> **Work order**:
If a line in the entries below holds the string "Handle", copy it.

> **Exercise data**:
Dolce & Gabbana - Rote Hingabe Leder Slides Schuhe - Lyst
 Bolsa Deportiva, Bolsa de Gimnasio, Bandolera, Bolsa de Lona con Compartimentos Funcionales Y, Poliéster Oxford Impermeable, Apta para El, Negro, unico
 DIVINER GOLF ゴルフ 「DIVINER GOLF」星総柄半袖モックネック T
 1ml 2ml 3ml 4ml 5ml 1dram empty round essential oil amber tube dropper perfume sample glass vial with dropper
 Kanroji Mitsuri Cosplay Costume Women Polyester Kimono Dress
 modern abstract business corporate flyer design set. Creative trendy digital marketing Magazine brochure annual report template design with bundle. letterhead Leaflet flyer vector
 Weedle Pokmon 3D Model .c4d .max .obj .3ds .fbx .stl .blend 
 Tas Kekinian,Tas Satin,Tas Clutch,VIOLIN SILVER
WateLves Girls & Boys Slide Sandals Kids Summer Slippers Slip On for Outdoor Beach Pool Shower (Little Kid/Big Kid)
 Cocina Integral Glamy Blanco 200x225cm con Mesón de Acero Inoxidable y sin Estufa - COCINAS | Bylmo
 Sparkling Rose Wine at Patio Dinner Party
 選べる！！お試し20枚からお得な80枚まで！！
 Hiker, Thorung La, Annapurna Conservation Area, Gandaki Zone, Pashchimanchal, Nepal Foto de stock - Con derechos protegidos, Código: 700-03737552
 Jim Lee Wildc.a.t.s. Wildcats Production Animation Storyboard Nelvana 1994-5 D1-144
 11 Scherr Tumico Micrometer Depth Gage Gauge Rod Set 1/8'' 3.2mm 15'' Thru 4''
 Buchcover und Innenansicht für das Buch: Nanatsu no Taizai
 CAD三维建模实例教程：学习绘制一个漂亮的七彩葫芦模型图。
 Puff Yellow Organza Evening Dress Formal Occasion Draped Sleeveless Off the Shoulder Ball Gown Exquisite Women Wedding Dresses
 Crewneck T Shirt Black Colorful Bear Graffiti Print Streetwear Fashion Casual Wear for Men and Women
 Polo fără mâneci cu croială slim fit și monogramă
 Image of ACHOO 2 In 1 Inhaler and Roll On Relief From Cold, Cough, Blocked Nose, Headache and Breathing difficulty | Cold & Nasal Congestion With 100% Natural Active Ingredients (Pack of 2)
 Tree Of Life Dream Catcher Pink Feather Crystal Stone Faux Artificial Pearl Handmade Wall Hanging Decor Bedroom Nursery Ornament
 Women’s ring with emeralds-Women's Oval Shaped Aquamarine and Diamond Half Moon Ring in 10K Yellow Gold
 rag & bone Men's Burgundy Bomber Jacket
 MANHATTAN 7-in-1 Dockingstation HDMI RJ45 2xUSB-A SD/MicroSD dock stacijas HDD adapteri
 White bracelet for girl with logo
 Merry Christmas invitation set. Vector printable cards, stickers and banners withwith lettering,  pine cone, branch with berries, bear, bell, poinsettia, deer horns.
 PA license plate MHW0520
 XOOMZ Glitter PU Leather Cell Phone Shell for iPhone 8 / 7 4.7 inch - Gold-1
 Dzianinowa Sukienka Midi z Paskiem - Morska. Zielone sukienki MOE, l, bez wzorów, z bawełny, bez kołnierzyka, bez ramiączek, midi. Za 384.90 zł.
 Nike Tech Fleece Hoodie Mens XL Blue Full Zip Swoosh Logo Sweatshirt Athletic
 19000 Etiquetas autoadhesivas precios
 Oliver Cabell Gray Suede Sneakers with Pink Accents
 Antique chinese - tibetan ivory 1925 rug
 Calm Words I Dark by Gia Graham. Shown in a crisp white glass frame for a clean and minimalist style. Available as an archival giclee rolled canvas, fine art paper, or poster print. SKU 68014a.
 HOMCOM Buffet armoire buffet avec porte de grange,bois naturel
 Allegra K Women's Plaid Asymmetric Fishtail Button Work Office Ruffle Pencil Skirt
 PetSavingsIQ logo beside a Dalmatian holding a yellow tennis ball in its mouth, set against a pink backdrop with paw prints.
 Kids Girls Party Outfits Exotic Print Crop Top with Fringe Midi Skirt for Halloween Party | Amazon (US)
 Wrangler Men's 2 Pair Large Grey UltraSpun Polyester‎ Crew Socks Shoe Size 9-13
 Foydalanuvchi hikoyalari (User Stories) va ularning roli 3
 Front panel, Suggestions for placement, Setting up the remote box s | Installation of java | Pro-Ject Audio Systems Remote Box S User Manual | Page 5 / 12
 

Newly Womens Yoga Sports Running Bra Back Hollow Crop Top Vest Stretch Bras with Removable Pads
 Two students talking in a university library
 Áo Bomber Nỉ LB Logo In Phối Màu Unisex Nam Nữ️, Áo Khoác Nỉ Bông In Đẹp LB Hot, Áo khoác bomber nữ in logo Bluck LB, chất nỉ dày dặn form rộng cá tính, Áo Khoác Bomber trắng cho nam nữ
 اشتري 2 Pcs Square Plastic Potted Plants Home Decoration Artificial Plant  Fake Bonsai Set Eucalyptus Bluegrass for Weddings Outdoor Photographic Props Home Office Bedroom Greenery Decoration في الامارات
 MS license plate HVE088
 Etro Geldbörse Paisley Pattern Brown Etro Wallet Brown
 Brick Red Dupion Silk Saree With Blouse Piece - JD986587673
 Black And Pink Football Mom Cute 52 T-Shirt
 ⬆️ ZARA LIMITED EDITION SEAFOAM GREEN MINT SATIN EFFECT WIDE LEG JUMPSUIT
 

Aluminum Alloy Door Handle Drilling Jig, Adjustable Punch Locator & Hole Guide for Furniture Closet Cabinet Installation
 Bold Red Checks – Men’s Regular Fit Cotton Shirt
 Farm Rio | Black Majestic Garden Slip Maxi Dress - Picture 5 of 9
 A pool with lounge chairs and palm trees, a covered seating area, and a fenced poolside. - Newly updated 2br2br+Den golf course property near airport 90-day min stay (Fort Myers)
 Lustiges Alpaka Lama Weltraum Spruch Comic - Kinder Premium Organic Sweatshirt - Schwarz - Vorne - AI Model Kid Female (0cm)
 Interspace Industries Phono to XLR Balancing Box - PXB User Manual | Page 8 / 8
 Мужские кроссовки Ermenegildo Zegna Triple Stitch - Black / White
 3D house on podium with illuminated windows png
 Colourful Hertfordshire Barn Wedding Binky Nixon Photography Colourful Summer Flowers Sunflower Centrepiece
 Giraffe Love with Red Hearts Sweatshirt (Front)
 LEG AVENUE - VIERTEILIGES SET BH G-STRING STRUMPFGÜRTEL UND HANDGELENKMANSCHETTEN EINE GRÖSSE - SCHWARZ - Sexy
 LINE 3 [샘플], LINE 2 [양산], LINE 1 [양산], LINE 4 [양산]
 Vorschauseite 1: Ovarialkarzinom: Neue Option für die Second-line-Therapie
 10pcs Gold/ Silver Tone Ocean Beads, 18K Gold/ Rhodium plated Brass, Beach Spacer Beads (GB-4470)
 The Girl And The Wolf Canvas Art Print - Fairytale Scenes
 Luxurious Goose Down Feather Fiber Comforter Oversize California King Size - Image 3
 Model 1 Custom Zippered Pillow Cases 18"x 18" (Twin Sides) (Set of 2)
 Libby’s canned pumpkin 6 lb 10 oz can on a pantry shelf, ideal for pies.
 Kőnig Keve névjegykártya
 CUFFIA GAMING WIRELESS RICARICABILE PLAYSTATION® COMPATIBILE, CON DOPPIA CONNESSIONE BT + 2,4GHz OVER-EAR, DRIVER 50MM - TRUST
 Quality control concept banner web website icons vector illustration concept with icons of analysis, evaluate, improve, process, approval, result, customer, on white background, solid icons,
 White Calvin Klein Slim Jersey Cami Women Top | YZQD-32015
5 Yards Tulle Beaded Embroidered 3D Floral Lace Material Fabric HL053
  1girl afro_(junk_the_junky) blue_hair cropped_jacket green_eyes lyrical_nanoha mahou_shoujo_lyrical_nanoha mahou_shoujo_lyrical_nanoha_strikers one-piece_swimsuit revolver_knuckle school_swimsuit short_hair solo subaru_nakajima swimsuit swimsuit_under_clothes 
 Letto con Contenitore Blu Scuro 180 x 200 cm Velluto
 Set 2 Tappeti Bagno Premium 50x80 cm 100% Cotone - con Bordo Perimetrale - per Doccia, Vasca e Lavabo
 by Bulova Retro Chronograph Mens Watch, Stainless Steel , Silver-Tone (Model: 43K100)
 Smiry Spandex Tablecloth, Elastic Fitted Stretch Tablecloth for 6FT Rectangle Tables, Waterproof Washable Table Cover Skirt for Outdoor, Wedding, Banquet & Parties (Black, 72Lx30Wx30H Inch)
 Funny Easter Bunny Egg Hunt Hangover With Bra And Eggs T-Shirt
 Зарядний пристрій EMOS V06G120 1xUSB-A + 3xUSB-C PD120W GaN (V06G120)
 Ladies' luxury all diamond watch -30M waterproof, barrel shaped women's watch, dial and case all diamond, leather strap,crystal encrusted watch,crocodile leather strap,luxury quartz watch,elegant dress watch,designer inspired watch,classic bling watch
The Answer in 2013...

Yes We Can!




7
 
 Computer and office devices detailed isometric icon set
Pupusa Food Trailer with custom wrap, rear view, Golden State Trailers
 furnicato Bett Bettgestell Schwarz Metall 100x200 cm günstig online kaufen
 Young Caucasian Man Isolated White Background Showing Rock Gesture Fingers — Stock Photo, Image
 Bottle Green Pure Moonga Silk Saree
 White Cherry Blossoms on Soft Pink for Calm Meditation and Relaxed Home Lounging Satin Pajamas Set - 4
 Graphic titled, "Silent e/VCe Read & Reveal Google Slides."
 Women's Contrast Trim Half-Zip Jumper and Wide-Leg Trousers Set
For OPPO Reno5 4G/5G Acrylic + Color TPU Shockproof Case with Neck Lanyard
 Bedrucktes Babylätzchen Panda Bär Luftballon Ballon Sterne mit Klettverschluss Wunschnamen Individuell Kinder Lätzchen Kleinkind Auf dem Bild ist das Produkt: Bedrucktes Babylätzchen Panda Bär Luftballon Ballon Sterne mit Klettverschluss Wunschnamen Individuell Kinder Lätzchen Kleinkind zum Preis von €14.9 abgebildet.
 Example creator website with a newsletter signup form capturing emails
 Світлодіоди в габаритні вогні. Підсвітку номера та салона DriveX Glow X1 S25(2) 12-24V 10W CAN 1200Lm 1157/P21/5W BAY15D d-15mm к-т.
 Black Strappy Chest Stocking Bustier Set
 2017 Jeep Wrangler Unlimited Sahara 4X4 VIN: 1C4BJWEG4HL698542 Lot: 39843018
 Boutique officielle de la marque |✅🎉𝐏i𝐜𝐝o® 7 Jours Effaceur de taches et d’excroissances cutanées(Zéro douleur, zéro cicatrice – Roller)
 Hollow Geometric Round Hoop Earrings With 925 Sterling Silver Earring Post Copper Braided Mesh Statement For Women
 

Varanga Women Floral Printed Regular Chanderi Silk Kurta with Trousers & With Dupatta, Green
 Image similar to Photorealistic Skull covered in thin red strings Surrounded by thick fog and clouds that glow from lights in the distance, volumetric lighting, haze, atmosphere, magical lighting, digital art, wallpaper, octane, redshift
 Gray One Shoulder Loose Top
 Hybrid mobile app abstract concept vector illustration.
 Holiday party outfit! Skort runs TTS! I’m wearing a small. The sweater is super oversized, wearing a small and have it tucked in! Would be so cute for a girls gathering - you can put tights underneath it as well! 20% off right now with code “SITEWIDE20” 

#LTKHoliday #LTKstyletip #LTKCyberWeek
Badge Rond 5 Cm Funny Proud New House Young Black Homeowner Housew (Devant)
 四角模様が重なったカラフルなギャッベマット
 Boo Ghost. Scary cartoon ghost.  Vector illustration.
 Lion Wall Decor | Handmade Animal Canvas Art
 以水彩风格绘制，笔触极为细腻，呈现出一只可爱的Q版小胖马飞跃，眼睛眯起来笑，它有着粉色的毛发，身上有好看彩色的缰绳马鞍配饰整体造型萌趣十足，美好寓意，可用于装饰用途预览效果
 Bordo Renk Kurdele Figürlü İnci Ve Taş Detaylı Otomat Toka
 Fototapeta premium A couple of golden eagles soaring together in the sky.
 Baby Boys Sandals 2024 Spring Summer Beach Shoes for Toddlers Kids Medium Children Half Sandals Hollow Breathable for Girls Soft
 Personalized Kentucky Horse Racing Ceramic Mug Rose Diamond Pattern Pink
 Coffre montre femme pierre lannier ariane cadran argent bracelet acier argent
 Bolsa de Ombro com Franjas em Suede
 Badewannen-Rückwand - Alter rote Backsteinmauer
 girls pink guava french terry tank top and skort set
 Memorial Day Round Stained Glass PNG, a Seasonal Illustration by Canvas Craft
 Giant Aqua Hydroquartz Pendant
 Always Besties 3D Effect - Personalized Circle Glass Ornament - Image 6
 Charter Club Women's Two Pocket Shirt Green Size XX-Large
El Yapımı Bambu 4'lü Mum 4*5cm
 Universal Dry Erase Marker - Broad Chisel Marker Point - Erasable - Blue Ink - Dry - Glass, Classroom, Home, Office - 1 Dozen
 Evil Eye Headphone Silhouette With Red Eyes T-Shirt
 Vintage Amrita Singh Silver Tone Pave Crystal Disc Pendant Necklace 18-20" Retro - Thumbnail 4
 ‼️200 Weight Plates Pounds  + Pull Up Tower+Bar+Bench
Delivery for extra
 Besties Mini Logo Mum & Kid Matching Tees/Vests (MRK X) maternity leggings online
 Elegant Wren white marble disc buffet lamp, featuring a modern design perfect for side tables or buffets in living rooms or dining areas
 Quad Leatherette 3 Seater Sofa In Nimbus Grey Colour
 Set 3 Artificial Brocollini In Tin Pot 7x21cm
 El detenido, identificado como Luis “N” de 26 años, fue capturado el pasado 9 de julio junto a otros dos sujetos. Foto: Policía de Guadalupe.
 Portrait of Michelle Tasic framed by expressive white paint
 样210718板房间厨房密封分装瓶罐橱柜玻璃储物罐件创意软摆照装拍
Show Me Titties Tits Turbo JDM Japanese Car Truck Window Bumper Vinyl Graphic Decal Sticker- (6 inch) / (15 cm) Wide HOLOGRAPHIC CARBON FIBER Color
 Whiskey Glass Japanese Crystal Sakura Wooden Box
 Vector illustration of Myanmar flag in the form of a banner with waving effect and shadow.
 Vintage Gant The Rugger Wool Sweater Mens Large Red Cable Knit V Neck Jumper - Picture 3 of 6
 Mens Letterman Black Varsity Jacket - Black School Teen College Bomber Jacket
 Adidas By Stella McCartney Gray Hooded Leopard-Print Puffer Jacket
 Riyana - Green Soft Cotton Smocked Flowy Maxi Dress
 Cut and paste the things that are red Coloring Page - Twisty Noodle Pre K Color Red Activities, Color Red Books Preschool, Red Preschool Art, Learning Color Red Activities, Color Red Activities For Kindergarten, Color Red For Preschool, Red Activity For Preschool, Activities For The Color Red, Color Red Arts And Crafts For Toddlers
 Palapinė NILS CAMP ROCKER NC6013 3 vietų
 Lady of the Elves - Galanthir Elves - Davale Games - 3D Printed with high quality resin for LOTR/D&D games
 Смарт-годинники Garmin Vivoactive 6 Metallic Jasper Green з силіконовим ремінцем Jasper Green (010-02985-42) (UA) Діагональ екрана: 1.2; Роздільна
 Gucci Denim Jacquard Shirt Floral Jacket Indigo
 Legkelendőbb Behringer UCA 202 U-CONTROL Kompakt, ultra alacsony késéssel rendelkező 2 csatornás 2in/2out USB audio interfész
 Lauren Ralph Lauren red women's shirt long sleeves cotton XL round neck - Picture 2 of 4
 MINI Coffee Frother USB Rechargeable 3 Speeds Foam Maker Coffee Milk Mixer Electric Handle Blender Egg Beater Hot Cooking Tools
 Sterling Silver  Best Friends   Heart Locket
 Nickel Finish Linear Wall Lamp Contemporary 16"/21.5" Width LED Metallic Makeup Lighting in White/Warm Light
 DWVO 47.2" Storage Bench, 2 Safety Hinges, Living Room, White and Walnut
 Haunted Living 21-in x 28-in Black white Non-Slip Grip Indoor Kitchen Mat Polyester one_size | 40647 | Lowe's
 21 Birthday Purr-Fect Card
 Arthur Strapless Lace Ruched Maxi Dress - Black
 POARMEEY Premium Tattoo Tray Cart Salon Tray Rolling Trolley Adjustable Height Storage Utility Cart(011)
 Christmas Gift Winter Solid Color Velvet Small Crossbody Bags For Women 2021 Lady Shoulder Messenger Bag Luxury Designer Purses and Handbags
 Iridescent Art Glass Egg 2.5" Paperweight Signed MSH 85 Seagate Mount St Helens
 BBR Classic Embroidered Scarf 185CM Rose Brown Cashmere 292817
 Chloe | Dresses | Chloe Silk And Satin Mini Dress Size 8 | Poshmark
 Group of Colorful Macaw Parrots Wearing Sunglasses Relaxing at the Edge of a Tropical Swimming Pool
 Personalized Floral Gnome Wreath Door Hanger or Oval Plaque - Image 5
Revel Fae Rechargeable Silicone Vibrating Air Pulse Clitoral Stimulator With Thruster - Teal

> **Exercise answer**:
Aluminum Alloy Door Handle Drilling Jig, Adjustable Punch Locator & Hole Guide for Furniture Closet Cabinet Installation
 MINI Coffee Frother USB Rechargeable 3 Speeds Foam Maker Coffee Milk Mixer Electric Handle Blender Egg Beater Hot Cooking Tools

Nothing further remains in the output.